Nick DeWolf photo archive - _Microft
https://www.flickr.com/photos/dboo/albums
======
_Microft
I'll copy the info text of the account here for some context. The account
currently hosts almost 100'000 photos.

 _Born in Philadelphia, later a Bostonian and later still a "hall of fame",
fountain-designing Aspenite, Nick DeWolf was a unique, inspiring, engaging and
curious soul. Co-founder of Boston's Teradyne Corporation, Nick was also a
lifelong, extremely passionate and talented photographer, as evidenced by the
images presented here at Flickr.

As a photographer, Nick was ever ready and ever present, leaving behind many
thousands of pre-digital images, dating well back into the 1950's. He carried
a camera with him at all times, usually a family of cameras. If you knew Nick,
you got used to this ... eventually, he'd be pointing his camera at you.

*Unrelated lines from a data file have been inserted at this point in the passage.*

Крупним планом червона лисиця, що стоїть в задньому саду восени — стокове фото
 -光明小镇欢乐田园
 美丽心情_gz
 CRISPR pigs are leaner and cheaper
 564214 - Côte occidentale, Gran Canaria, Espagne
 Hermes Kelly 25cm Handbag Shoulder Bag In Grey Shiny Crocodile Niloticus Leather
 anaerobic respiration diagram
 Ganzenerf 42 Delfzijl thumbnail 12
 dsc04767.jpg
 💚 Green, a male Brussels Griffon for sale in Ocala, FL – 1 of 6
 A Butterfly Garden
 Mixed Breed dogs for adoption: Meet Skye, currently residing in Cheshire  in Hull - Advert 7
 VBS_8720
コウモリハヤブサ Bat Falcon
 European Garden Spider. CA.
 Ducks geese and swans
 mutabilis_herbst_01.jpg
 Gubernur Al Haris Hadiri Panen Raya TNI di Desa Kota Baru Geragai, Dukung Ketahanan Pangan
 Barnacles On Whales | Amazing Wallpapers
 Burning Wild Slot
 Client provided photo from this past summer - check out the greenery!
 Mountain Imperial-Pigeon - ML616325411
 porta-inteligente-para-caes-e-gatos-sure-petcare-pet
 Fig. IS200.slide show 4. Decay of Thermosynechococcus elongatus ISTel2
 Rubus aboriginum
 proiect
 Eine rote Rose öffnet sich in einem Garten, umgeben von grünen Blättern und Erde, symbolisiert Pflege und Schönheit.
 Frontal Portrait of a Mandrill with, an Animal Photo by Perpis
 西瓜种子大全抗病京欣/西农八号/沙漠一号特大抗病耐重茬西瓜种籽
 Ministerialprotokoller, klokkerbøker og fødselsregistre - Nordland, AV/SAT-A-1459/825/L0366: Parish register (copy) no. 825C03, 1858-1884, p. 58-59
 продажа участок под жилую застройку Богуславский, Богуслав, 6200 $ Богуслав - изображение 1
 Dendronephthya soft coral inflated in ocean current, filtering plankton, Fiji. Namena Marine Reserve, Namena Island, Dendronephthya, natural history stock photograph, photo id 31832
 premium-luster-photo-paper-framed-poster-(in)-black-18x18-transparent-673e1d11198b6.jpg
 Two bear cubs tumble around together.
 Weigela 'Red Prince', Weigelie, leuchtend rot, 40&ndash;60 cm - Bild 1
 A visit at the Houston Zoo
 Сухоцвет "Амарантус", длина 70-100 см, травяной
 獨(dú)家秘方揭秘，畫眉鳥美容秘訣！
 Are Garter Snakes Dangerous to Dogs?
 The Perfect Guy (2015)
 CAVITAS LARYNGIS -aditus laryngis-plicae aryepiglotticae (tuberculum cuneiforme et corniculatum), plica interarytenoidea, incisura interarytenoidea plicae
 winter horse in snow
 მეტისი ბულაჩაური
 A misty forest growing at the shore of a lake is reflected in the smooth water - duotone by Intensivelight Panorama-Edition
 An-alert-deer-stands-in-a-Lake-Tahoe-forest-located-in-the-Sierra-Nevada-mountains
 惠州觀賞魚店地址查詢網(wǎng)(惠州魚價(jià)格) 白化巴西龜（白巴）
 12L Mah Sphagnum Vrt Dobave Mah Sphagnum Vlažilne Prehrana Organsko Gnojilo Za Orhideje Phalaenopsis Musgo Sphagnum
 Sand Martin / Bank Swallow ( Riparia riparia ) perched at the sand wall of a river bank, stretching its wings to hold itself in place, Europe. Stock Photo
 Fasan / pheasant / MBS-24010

I (the Archivist) am working to post Nick's images in their original sets as
they are scanned and processed, somewhere in the order of 20-50 images a day.
For those wondering about an endgame, as in "How much longer can this possibly
go on?", I can only answer, "The mountain is high, the journey is long."

It is my hope and intent to eventually digitize every picture Nick DeWolf ever
shot. It is also my hope and intent to post the images here on the web for the
scattered members of the DeWolf family, and the public at large, to enjoy.

Nothing would have tickled Nick more.

So, here we go...the world through the eyes of my father-in-law, Nick DeWolf.

Enjoy....

Steve Lundeen, Archivist / Seattle, WA, USA

~sl _